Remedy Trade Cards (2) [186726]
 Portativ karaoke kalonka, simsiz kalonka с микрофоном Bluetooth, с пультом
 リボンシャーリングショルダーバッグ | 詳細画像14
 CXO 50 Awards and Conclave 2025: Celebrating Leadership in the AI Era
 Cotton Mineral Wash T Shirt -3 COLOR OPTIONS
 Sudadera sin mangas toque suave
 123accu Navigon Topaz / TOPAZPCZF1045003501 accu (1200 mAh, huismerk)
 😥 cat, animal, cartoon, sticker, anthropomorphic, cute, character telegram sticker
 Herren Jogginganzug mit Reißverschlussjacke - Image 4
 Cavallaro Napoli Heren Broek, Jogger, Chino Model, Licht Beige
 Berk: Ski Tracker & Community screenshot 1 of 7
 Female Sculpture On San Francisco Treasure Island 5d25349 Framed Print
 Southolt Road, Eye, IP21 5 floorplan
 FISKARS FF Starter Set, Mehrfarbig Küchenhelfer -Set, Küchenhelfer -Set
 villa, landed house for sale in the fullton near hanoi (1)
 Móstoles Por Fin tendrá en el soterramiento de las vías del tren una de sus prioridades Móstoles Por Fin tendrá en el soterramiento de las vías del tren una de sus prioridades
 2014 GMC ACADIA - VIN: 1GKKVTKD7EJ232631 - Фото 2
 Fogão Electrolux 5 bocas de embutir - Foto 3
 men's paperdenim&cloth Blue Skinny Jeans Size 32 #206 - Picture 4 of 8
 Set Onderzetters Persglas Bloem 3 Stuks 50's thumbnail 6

|---|

:: What you will do ::
The material shown above is to be retyped in full, without alteration.

:: Exercise result ::
Remedy Trade Cards (2) [186726]
 Portativ karaoke kalonka, simsiz kalonka с микрофоном Bluetooth, с пультом
 リボンシャーリングショルダーバッグ | 詳細画像14
 CXO 50 Awards and Conclave 2025: Celebrating Leadership in the AI Era
 Cotton Mineral Wash T Shirt -3 COLOR OPTIONS
 Sudadera sin mangas toque suave
 123accu Navigon Topaz / TOPAZPCZF1045003501 accu (1200 mAh, huismerk)
 😥 cat, animal, cartoon, sticker, anthropomorphic, cute, character telegram sticker
 Herren Jogginganzug mit Reißverschlussjacke - Image 4
 Cavallaro Napoli Heren Broek, Jogger, Chino Model, Licht Beige
 Berk: Ski Tracker & Community screenshot 1 of 7
 Female Sculpture On San Francisco Treasure Island 5d25349 Framed Print
 Southolt Road, Eye, IP21 5 floorplan
 FISKARS FF Starter Set, Mehrfarbig Küchenhelfer -Set, Küchenhelfer -Set
 villa, landed house for sale in the fullton near hanoi (1)
 Móstoles Por Fin tendrá en el soterramiento de las vías del tren una de sus prioridades Móstoles Por Fin tendrá en el soterramiento de las vías del tren una de sus prioridades
 2014 GMC ACADIA - VIN: 1GKKVTKD7EJ232631 - Фото 2
 Fogão Electrolux 5 bocas de embutir - Foto 3
 men's paperdenim&cloth Blue Skinny Jeans Size 32 #206 - Picture 4 of 8
 Set Onderzetters Persglas Bloem 3 Stuks 50's thumbnail 6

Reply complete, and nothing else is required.